ISS has recommended shareholders “Withhold” votes for the election of Janet Cowell, Jerry R. Masters and Ollie L. Sherman as a Class II Directors. (Proposal 1a, 1b and 1c on the Proxy Card.) The Company believes shareholders are better served by “For” votes for these directors.
James River Group Holdings, Ltd. is an entrepreneurial company that has created above industry average returns for shareholders by:
· | Earning underwriting profits from specialty classes of low volatility insurance risks; |
· | Growing prudently by addressing new opportunities in the market; |
· | Maintaining a strong balance sheet; |
· | Returning excess capital to shareholders prudently; and |
· | Making selected, opportunistic investments that boost investment returns and contribute meaningfully to the Company’s total return. |
For the full year ended December 2018, James River Group Holdings, Ltd., earned an Operating Return on Tangible Equity of 14.8%, a Combined Ratio of 96.6%, and grew Operating Income over 48% from the same metric in 2017.
Ms. Cowell and Messrs. Masters and Sherman have been and continue to be instrumental in accomplishing these goals.

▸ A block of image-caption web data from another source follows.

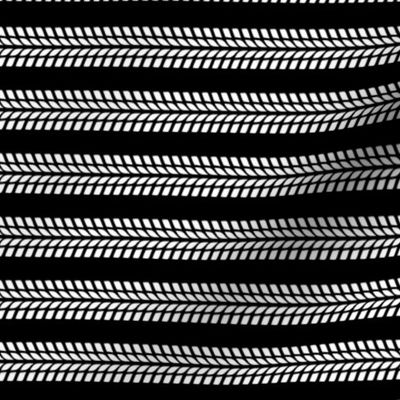 tire stripes || black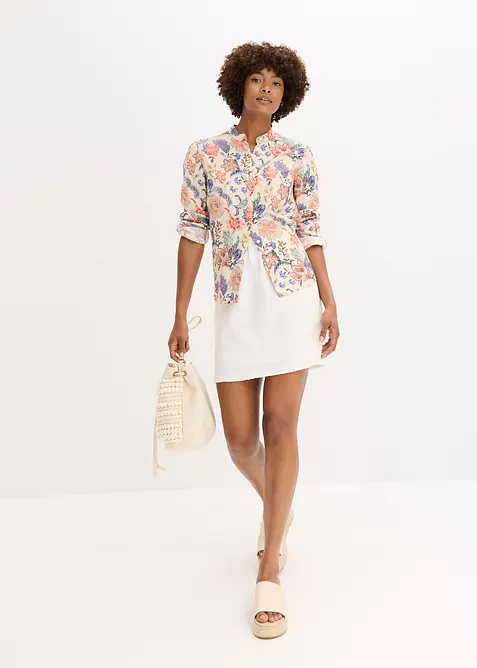 Bluse med blomsterprint, bonprix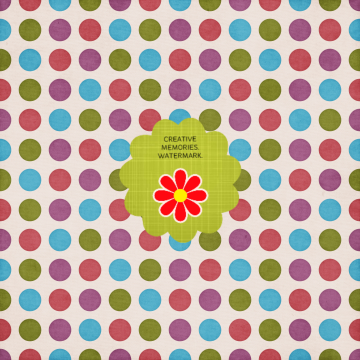 Spring Purple Green - CREATIVE MEMORIES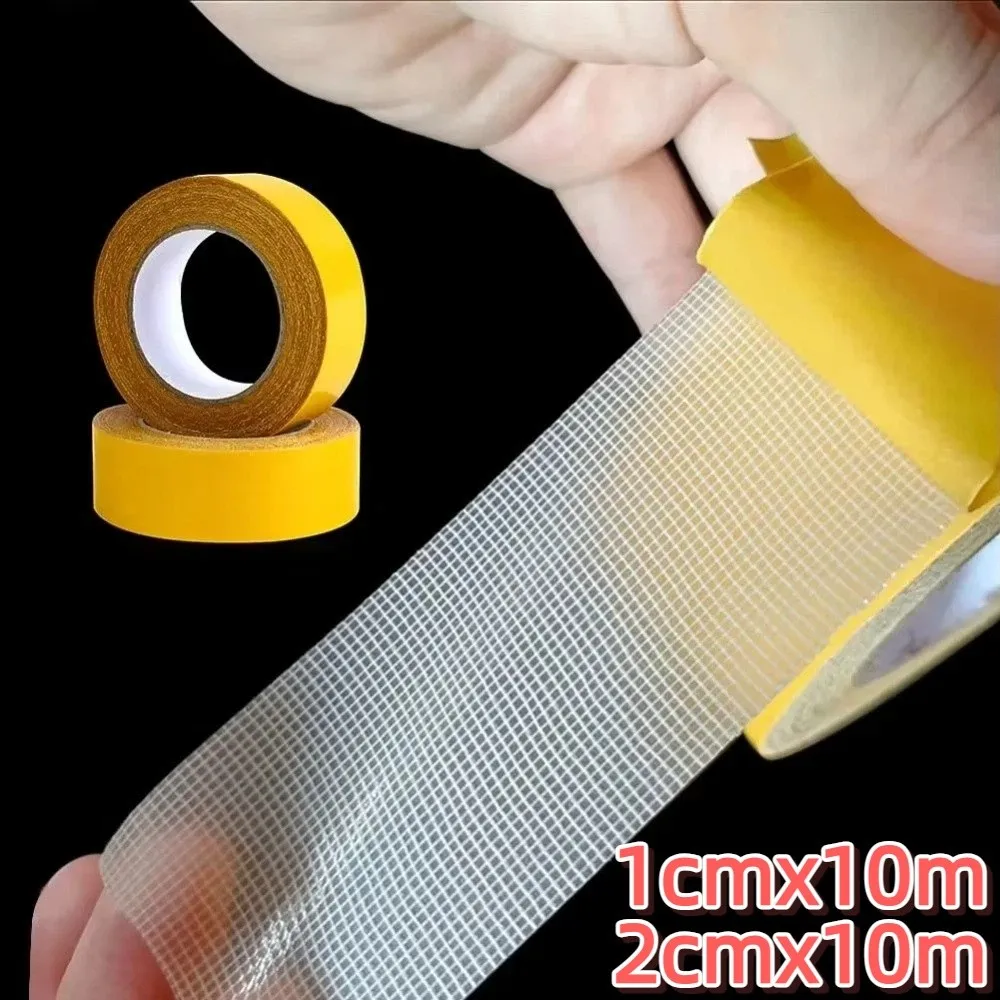 

4Rolls Super Traceless Double Sided Tape Heat Resistant High Viscosity Cloth Base Tape Translucent Strong Adhesion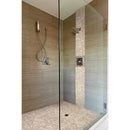 Sliced pebble earth 11.81X11.81 tumbled marble mesh mounted mosaic tile SMOT-PEB-EARTH product shot bath view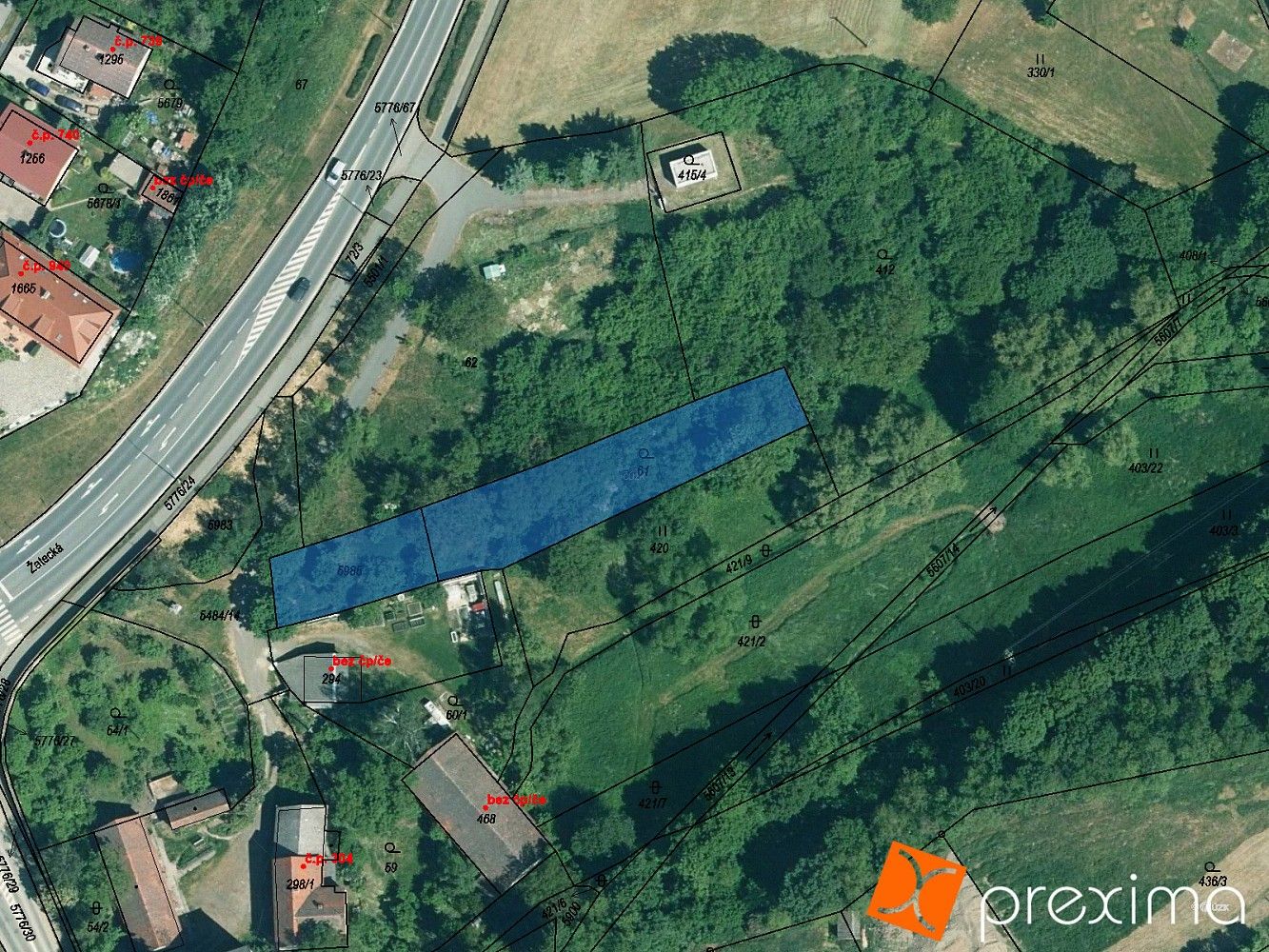 Pozemky pro bydlení, Kralovice, okres Plzeň-sever, Plzeňský kraj - 1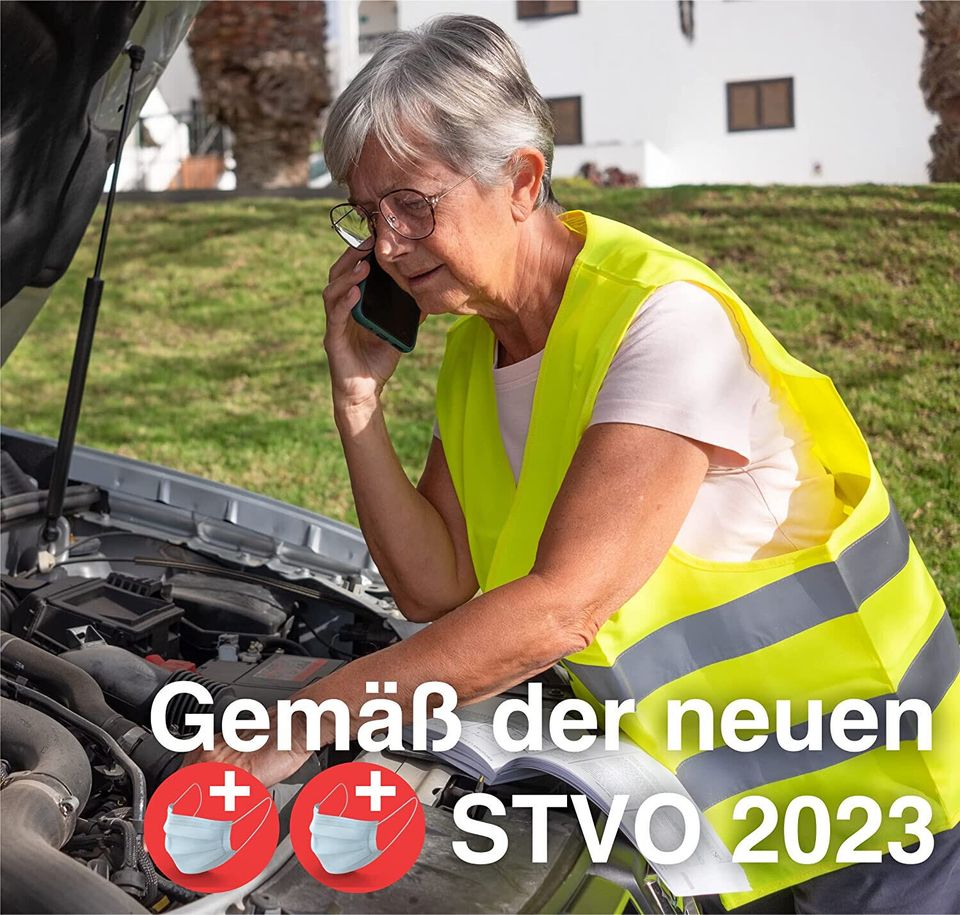 autogadget® 1x Auto Verbandskasten - Neue Norm 2023 -DIN 13164 in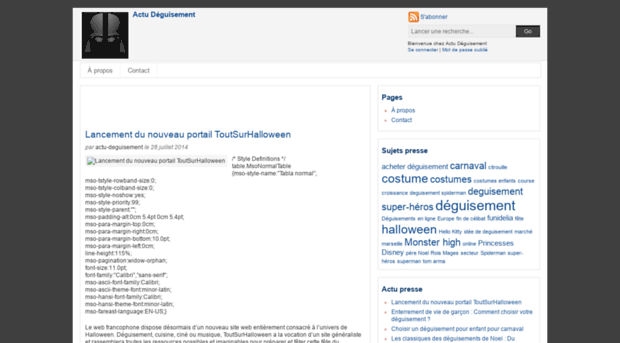 actu-deguisement.agence-presse.net
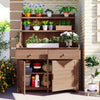 TOPMAX Garden Potting Station - Stylish & Functional Workbench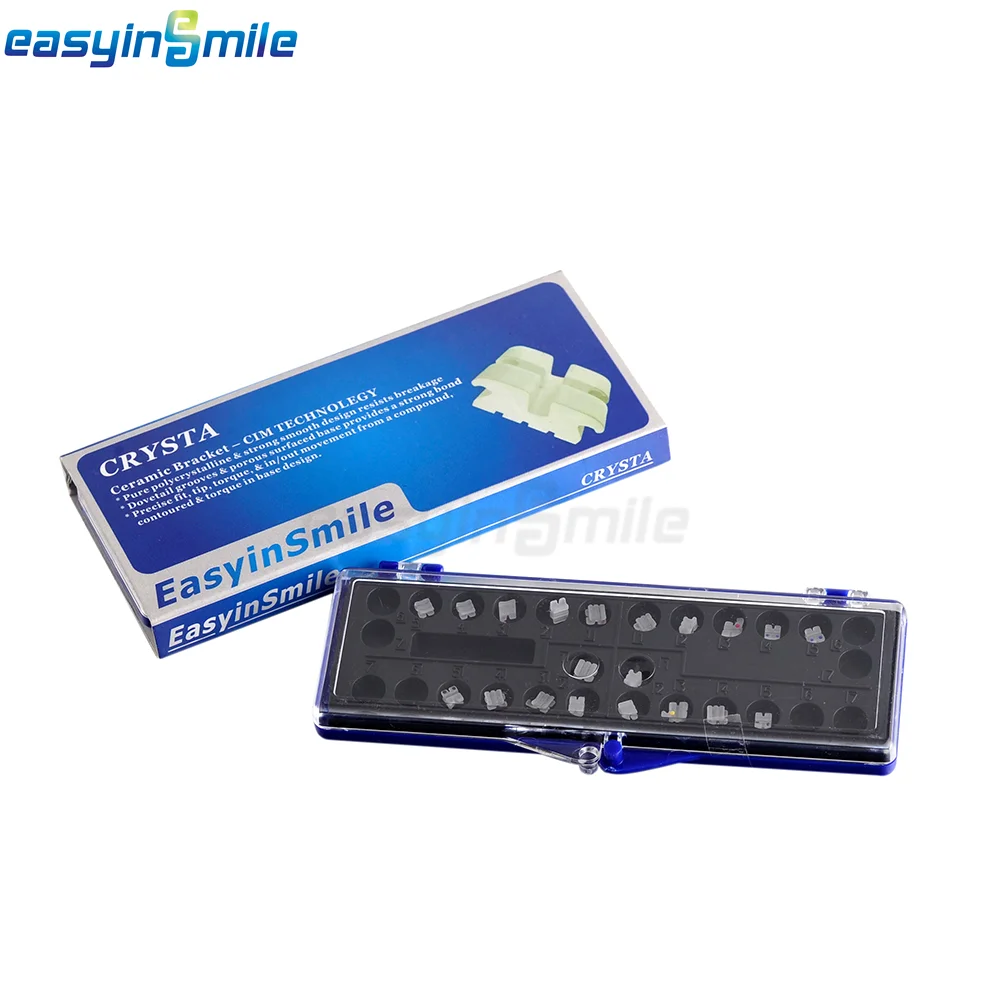 Color: GRAY, Ships From: CHINA - EASYINSMILE Dental Orhto Ceramic Bracket MINI Roth 022/018 3/345 W Hooks Brace 5-5 Dentist Tool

James River Group Holdings, Ltd. made its Initial Public Offering (“IPO”) in December of 2014. In constituting its Board of Directors (the “Board”), the Company has sought to maintain its entrepreneurial roots while embracing independent and transparent governance. Ms. Cowell and Messrs. Masters and Sherman serve as Independent Directors on the Board, where their leadership, strategic thinking and knowledge of the operations of the Company are highly valuable. Ms. Cowell and Messrs. Masters and Sherman provide oversight independent of the Company’s management, which is of particular importance to the Audit Committee of the Board (the “Audit Committee”), of which they are all members. Their extensive experience in the fields of finance, accounting and/or actuarial science qualify all three of these Directors as “Audit Committee Financial Experts” as defined under the rules of the Securities and Exchange Commission, which is also of critical importance to the Audit Committee. Mr. Masters also serves as a member of the Board’s Compensation Committee, where his knowledge of the Company and his independence from management are of great benefit to the Company. Ms. Cowell also serves as a member of the Board’s Investment Committee, where her extensive background in the investment industry contributes significantly to the governance of the Company’s investment function.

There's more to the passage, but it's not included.